:: Provided information ::

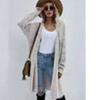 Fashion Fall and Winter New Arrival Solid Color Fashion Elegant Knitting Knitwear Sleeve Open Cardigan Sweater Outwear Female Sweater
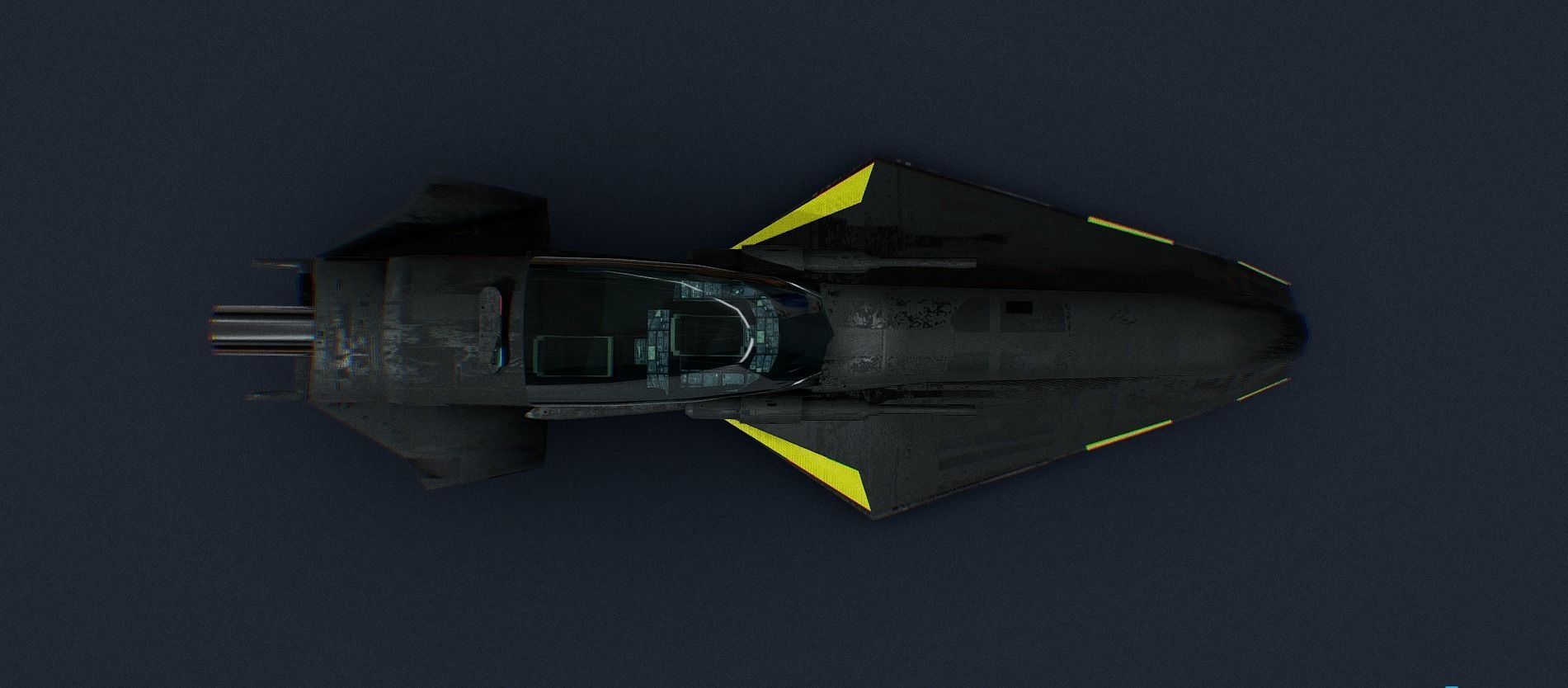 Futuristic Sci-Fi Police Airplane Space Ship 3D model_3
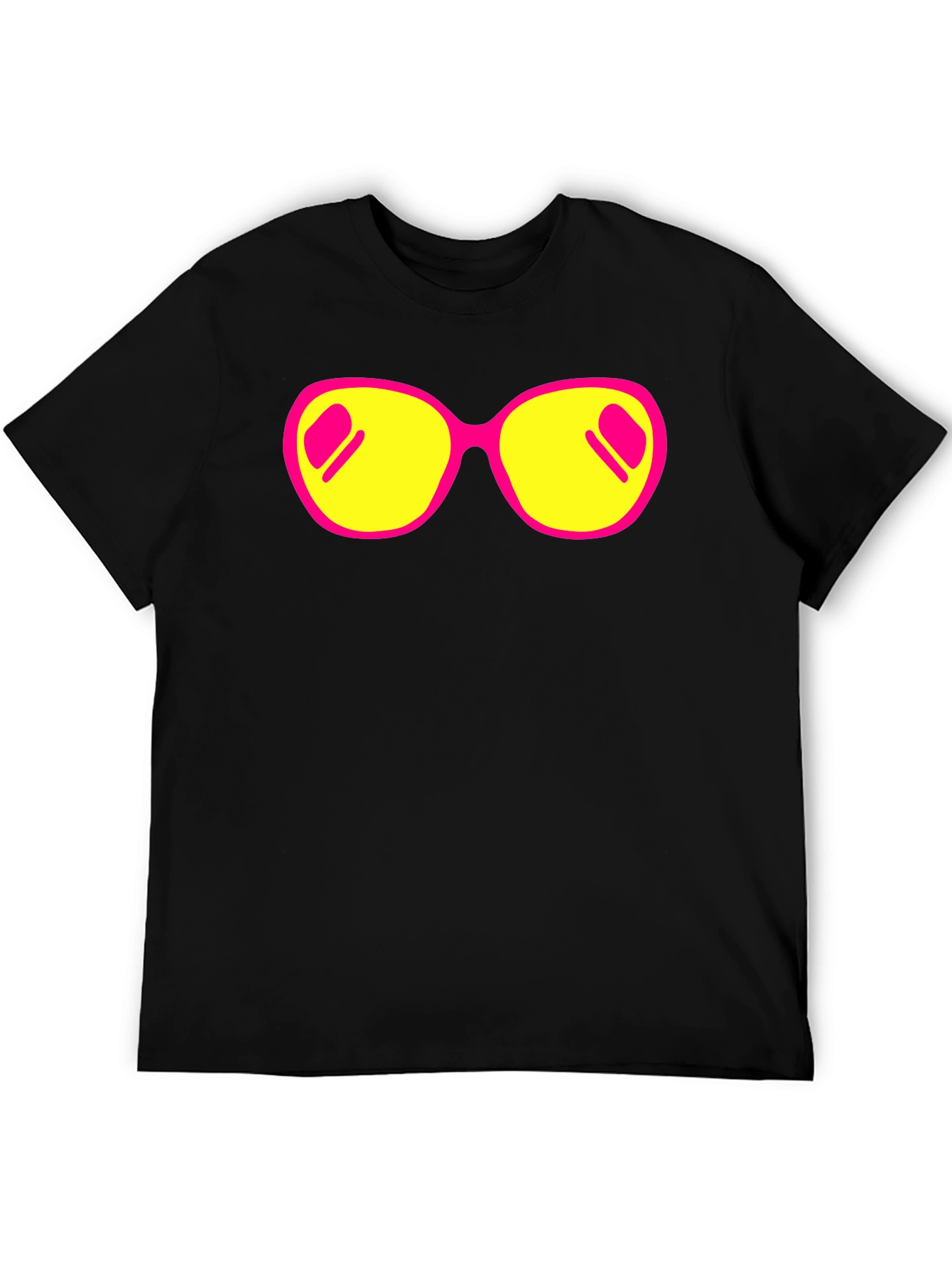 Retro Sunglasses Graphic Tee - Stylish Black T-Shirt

:::
:: Provided information ::

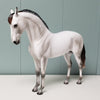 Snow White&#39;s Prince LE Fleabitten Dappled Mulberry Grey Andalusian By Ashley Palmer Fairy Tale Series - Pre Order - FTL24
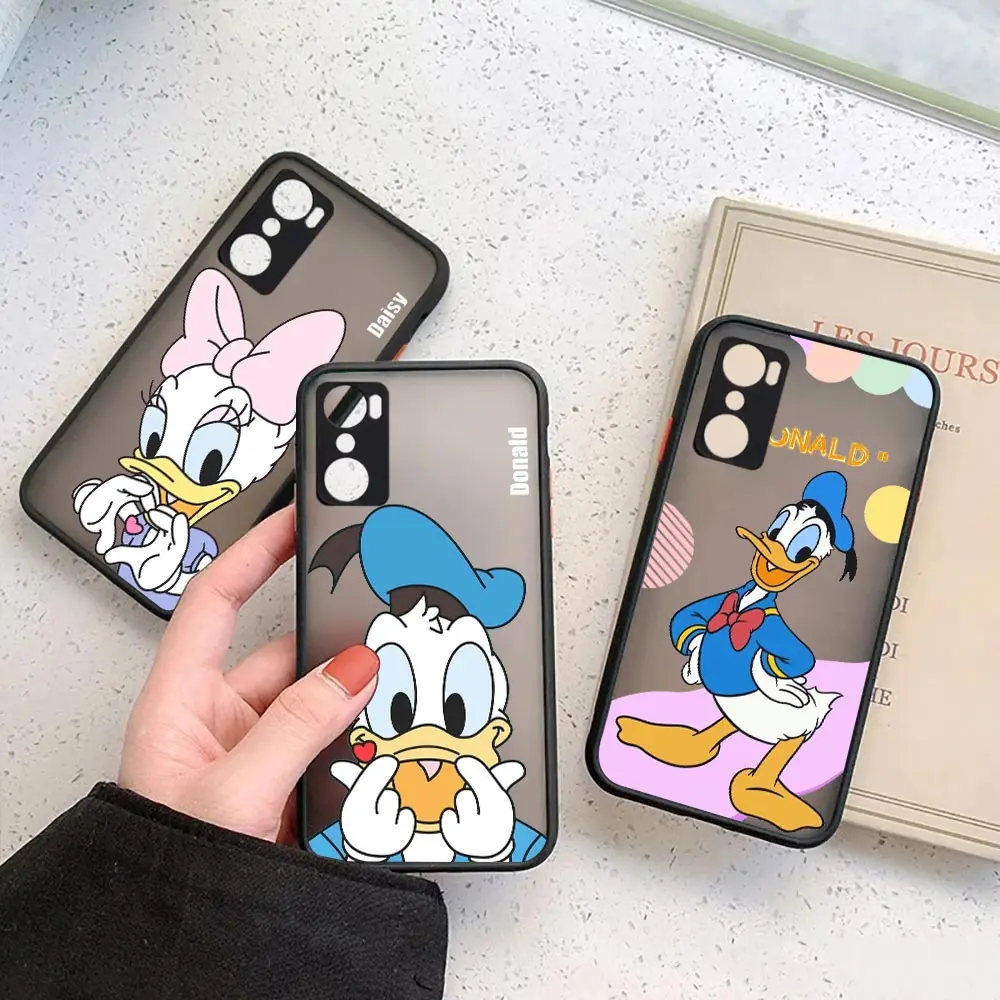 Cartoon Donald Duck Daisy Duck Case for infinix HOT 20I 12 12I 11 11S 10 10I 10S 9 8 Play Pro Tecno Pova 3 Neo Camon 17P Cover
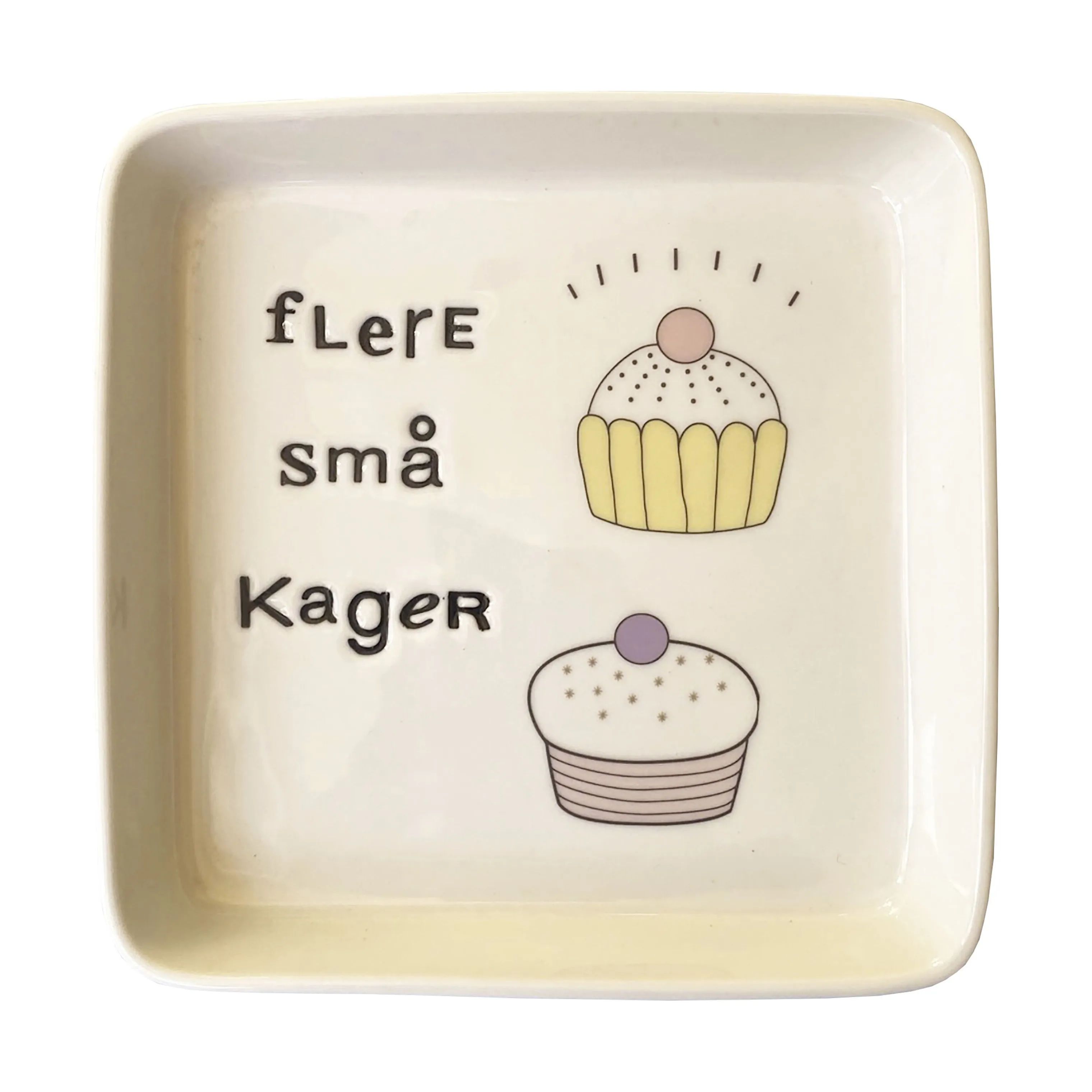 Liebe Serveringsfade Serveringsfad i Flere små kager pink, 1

:::

# [Problem statement]
Transcribe the listing above exactly, but only from the line with "Snow White&#39;s Prince" through the line with "Liebe Serveringsfade Serveringsfad". Include both of those lines and omit the pictures.

# [Result]
 Snow White&#39;s Prince LE Fleabitten Dappled Mulberry Grey Andalusian By Ashley Palmer Fairy Tale Series - Pre Order - FTL24
 Cartoon Donald Duck Daisy Duck Case for infinix HOT 20I 12 12I 11 11S 10 10I 10S 9 8 Play Pro Tecno Pova 3 Neo Camon 17P Cover
 Liebe Serveringsfade Serveringsfad i Flere små kager pink, 1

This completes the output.